Something, she didn’t know what, had drawn her attention to the powerful man working so hard in the rubble. “Who is that?” Macy asked the sheriff’s deputy, as the huge man waded purposefully through the debris carrying what looked like a pile of rags.

“Don’t know,” the deputy said. “Claimed he’d had rescue and first-aid training, and at the time, he was all we had.”

“Thank goodness he was here to help,” Macy said as she leaned over the first of her patients. It looked as though she would have a long night’s work ahead of her.

“I think this is the last victim from the trailers,” a deep voice grunted as he lowered a trembling and rain-soaked little girl to the ground beside Macy.

Macy cast a startled sideways glance at the speaker and discovered the man she’d been admiring was none other than Alex Blocker. The man she had hoped she’d never see again, though she’d longed for him in her dreams, loomed, broad-shouldered and capable, above her. Now she knew why she’d been so attracted to him. This was the man with whom she’d made both the worst and the best mistake of her life.

“I’ve had enough first-aid training that I can help out with triage,” he said tersely as he tried to make the child comfortable on the wet, cold ground. “Her name is Leticia. She’s probably all right. She’s wet and cold and scared, but I didn’t find any obvious trauma.”

He didn’t act as though he recognized her, but then, maybe he was feeling just as awkward about this meeting as she was. Deciding to plunge right in, Macy took the first step. “Thank you, Alex,” she said, looking into his deep, dark brown eyes.

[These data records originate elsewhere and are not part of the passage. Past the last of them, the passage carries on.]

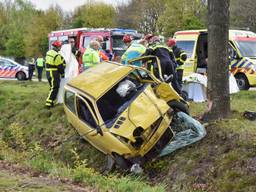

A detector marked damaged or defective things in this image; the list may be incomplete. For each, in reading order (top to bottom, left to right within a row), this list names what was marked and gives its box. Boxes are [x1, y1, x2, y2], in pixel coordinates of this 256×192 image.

crushed vehicle roof [67, 61, 133, 99]
broken windshield [97, 69, 151, 127]
severely damaged yellow car [63, 56, 189, 168]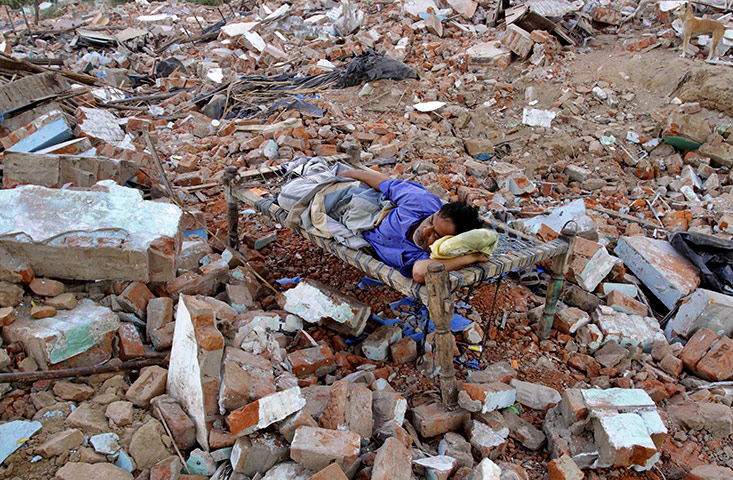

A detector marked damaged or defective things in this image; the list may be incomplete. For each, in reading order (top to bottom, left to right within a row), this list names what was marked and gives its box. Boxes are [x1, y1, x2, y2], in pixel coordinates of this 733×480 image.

broken concrete block [1, 154, 137, 191]
broken concrete block [0, 182, 183, 284]
broken concrete block [616, 237, 700, 312]
broken concrete block [2, 298, 118, 370]
broken concrete block [126, 366, 167, 406]
broken concrete block [166, 296, 223, 450]
broken concrete block [230, 384, 308, 436]
broken concrete block [288, 344, 336, 378]
broken concrete block [288, 426, 358, 470]
broken concrete block [280, 280, 372, 336]
broken concrete block [360, 324, 400, 362]
broken concrete block [372, 436, 412, 480]
broken concrete block [412, 402, 468, 438]
broken concrete block [458, 382, 516, 412]
broken concrete block [468, 422, 508, 460]
broken concrete block [512, 378, 556, 408]
broken concrete block [592, 412, 656, 468]
broken concrete block [588, 306, 664, 350]
broken concrete block [664, 288, 732, 342]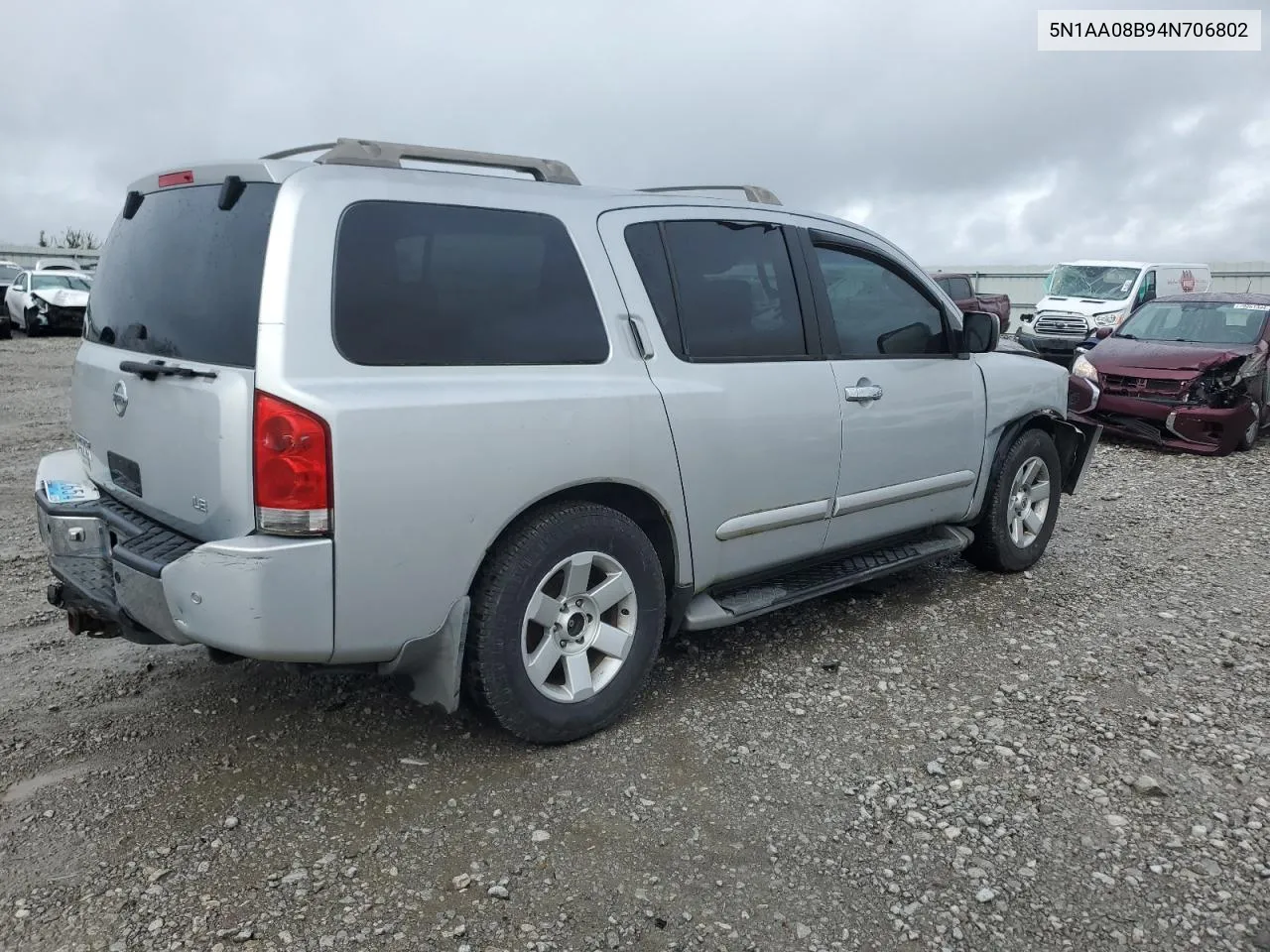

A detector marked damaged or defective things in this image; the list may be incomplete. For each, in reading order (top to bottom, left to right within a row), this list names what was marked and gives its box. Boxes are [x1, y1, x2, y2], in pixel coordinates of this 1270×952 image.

damaged front bumper [1067, 378, 1254, 456]
maroon damaged car [1072, 293, 1270, 456]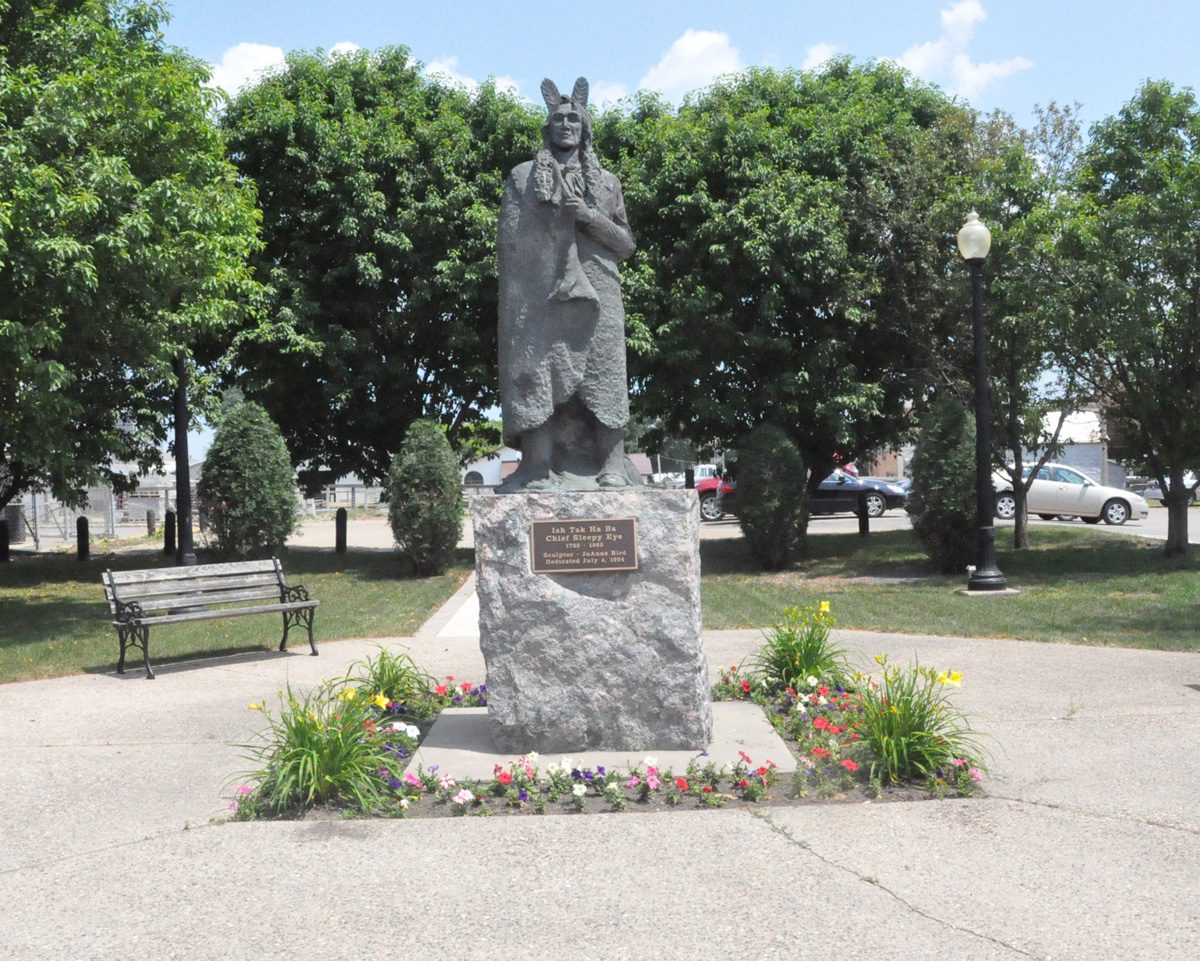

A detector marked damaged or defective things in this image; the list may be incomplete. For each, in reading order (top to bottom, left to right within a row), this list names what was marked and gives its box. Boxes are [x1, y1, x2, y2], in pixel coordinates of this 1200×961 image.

crack in pavement [744, 806, 1046, 955]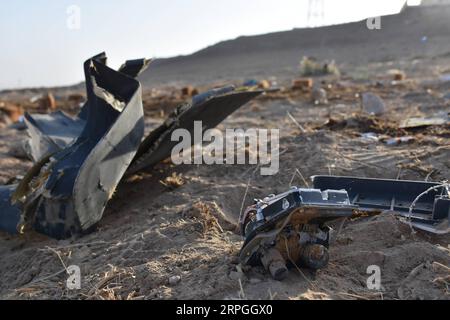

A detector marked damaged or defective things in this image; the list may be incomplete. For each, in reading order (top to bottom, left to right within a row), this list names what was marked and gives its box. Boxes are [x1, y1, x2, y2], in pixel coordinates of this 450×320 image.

burned metal [0, 53, 264, 238]
burned metal [239, 188, 356, 280]
burned metal [312, 176, 450, 234]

Suddenly recognition dawned in his eyes, and his face lit up for a brief instant. Then the cool, calm, rescuer facade returned. “Hello, Macy,” he said slowly. “I see you finally made it through medical school.”

“Yes.” Macy nodded. “I’d love to catch up, but we’ve got a long night ahead of us, and Leticia needs attention now. She might have internal injuries,” she said, under her breath so that only Alex could hear. “We’ll have to watch her.” She looked around. “Where are her parents?”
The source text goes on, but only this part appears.